Camilla, prima di trovarsi di fronte alla questione, sebbene aperta di mente non era così preparata: “Sulla transessualità non sapevo assolutamente nulla. Ero arrivata persino a pensare che potesse essere lo sfizio di qualche omosessuale che, a un tratto, volesse pr0vare a stare nei panni dell’altro sesso. Insomma, vuoto totale. Ecco perché, con le persone che faticano a capire, non vado giù pesante. Chi non si è mai posto il problema potrebbe avere, in effetti, molte perplessità e dubbi. Ecco perché trovo sia necessario spiegare e raccontare.
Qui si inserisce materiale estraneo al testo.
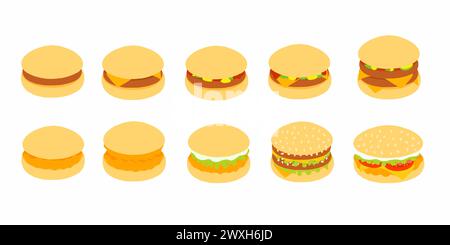 Collection of different burgers in cartoon flat style. Hamburger, cheeseburger, chicken burger, double cutlet, big burger. Vector icons isolated on wh Stock Vector
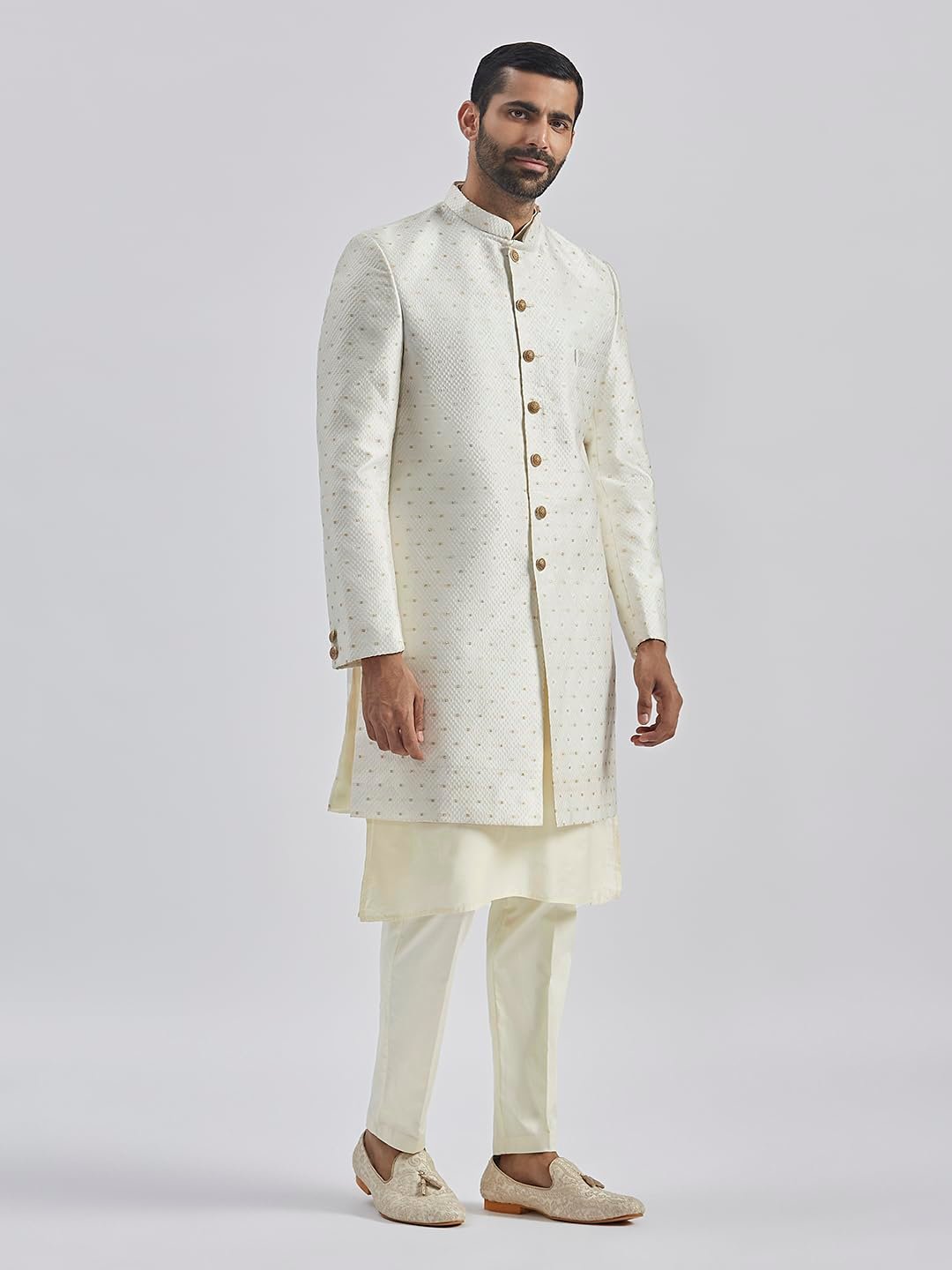 VASTRAMAY Men's Cream Viscose Sherwani Set, Silk Blend Jacquard Indo Western, Kurta And Pyjama for Men for Weddings & Festivals, Traditional Ethnic Wear Outfit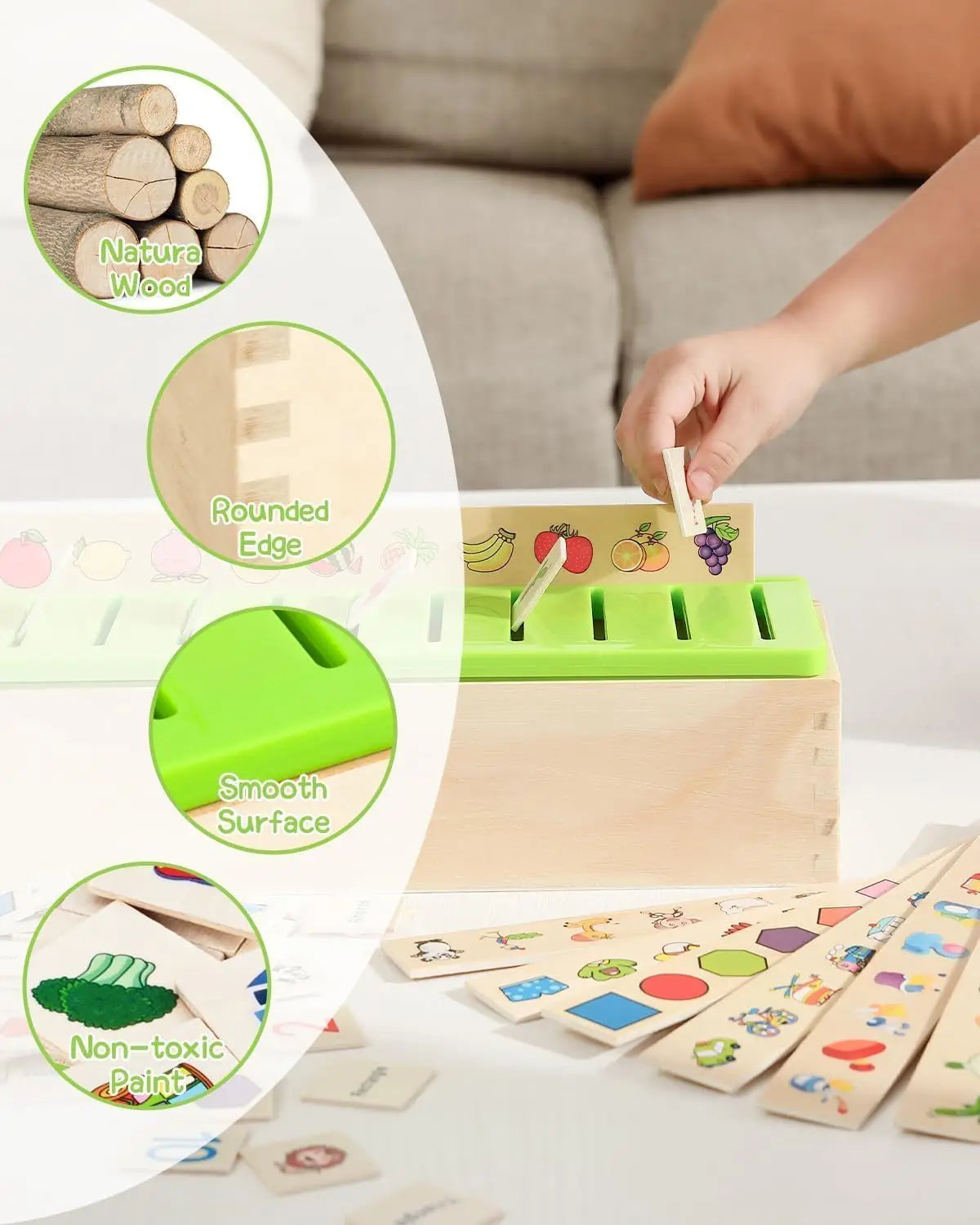 Wooden Pattern & Word Matching Game
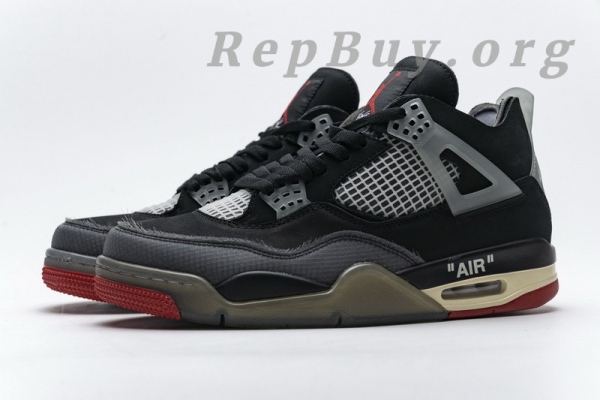 Top Version OFF White x Air Jordan 4 Bred CV9388-001 - Image 7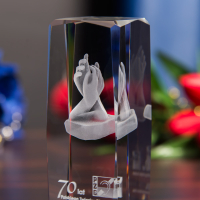 Statuetka 3D na jubileusz Polskiego Związku Głuchych 3D - 2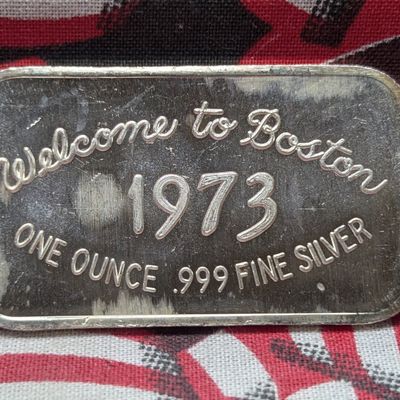 Sale Photo Thumbnail #167: 1 oz. .999 FINE SILVER Welcome to Boston - 82nd Numismatic Convention Designed Art Bar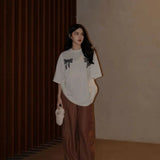 PEANUT STAIN - コケット リボン アイボリー オーバーサイズド Tシャツ
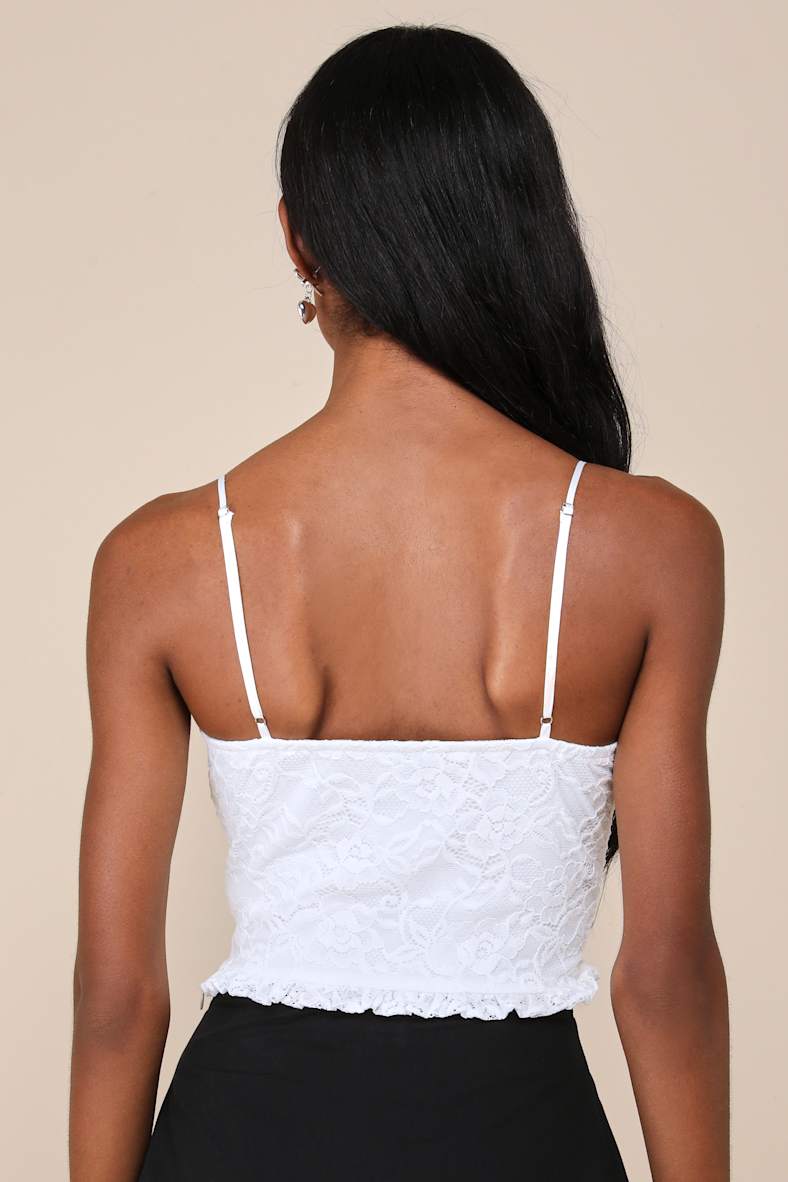Adorably Enticing White Lace Bustier Cropped Tank Top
Qui parliamo dell’infinità di ognuno di noi, delle varie sfaccettature che l’identità degli individui può assumere. Mettere etichette è difficile, schematizzare impossibile“.
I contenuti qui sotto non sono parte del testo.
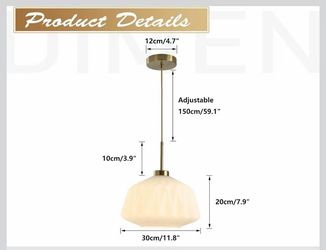 R4)Mid Century Milk Glass Pendant Light 12" Brushed Gold Pendant Light Kitchen Island Nordic Antique Brass Ceramic Indoor Hanging Light for Dinning Ro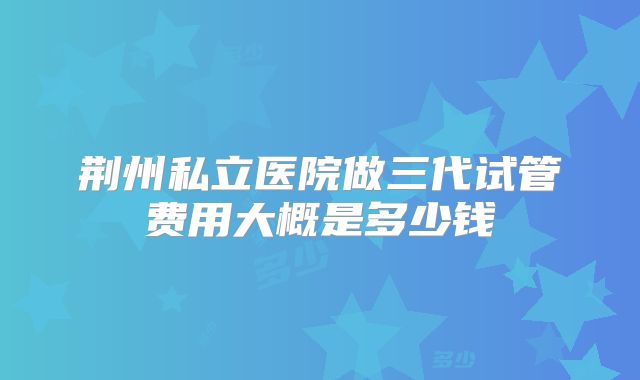 荆州私立医院做三代试管费用大概是多少钱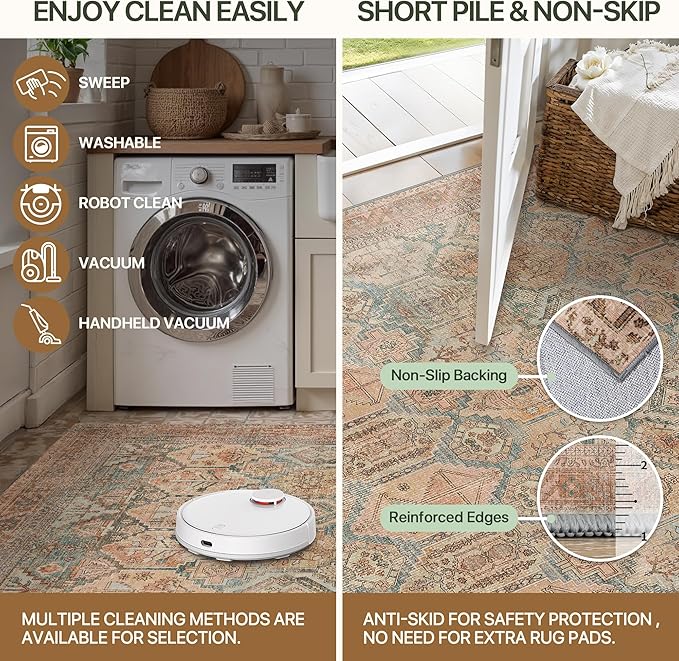 Bavni 2x3 Entryway Rug Bathroom Rugs for Front Door Bedroom Bathroom Kitchen, Washable Vintage Print Carpet, Ultra-Thin Chenille Lightweight Rug with Non Slip Backing, Clay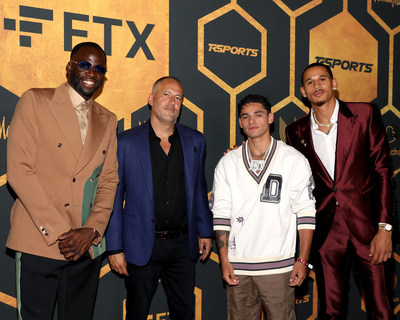 Draymond Green, David Spencer (President and Co-CEO of Talent Resources Sports), Ryan Garcia, and Jjuan Toscano-Anderson attend Stephen Curry's Unanimous Media and Talent Resources Sports Invite Only Bash Presented by FTX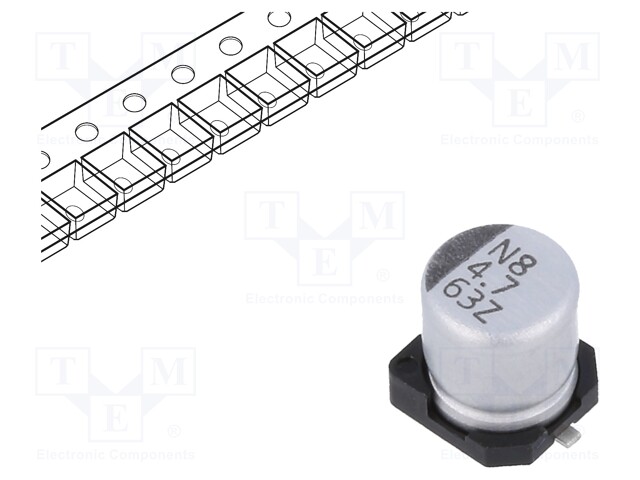 ELEKTROLYYTTIKONDENSAATTORI - LOW ESR - SMD - 4,7UF - Elektrolyyttikondensaattorit - vaaka - ZSC00AC4R71JARL - 1
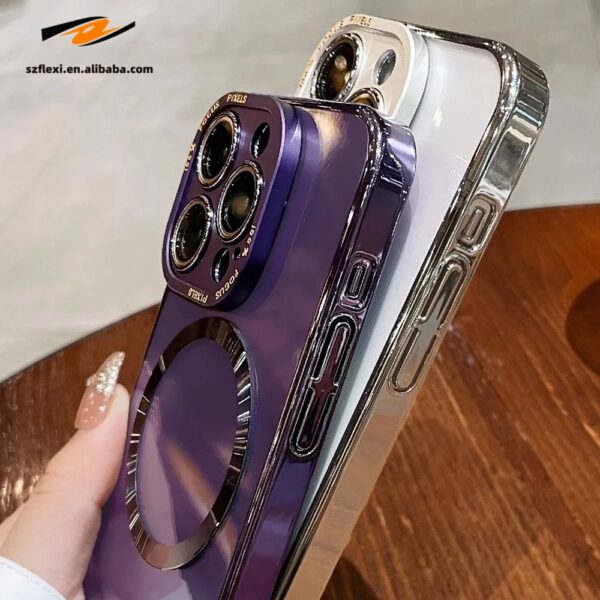 Luxury Plating Magnetic Charging Transparent PC Phone Case For iPhone 15 pro max 14 13 12 Metal Lens Protect Back Cover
Eppure, anche alcune associazioni straniere che Camilla, per vederci meglio, ha contatto o alle quali si è iscritta, cascano secondo lei in un tranello pericoloso: “Un giorno mi sono messa a compilare on-line un modulo nel quale mi si chiedeva il nome che mio figlio ha scelto per definirsi al femminile. Una richiesta che, per quel che riguarda il nostro caso, ho trovato esagerata: Giovanni non ha mai espresso la volontà di farsi chiamare diversamente, se non con il suo nomignolo. Temo che certi genitori, senz’altro illuminati per un verso, dovrebbero valutare con davvero moltissima attenzione il personale caso del figlio o della figlia, senza sentirsi pressati da chi chiede loro di mettere una x su una casella, mettendo in conto che dopo qualche anno, magari nell’adolescenza, quegli stessi figli possano invece decidere di tornare indietro, ricominciando a definirsi al femminile o al maschile in base al sesso di appartenenza. Io preferisco, e il caso di mio figlio me lo permette, essere più elastica e flessibile, dare tutte le scelte a mio figlio senza, per ora che è ancora piccolo, ingabbiarlo in uno schema”.
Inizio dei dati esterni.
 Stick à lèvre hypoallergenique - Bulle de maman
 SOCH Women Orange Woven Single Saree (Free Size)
Certo, nella vita quotidiana qualche ostacolo si incontra: “La classe di Giovanni sta preparando uno spettacolo teatrale. Mio figlio interpreterà Dedalo. L’insegnante ha stabilito che i maschi dovranno indossare il leggins neri e le femmine quelli bianchi. E io ho chiesto: ‘E Giovanni?’. A volte ci si perde in queste sciocchezze: a prescindere dal nostro caso particolare, perché dover sempre dividere e differenziare tra maschi e femmine? Come quando la gente insiste nel non credere che mio figlio sia un bambino, anche se lui lo ribadisce e dice il suo nome. Con il tempo abbiamo preso a fregarcene e a volte mi capita di tagliare corto spiegando che siamo alternativi. Certo, la fatica è tanta: per proteggere i nostri figli non troppo definiti, noi genitori siamo sottoposti a commenti e critiche, tra chi ci accusa di dare loro troppa libertà, chi pensa che i nostri bambini vogliano solo stare al centro dell’attenzione e chi pensa che abbiamo sbagliato tutto. E più sono amici, più ti rompono le scatole”.

La psicologa che segue Giovanni, invece, spiega sempre a Camilla che i bambini gender fluid vagano in una zona grigia da cui, probabilmente, usciranno più avanti: “Non si può ancora parlare di disforia di genere, nel caso di mio figlio. Non vedo in lui, infatti, un disagio rispetto al proprio corpo, che invece dovrebbe presentarsi per confermare la diagnosi. Ho letto storie di bambini che già a tre anni manifestavano un’opposizione aperta anche al solo fatto che li si chiamasse al femminile se erano femmine e al maschile se erano maschi. Sono casi più netti, che sicuramente impongono altre scelte da parte dei grandi, come la transizione sociale”.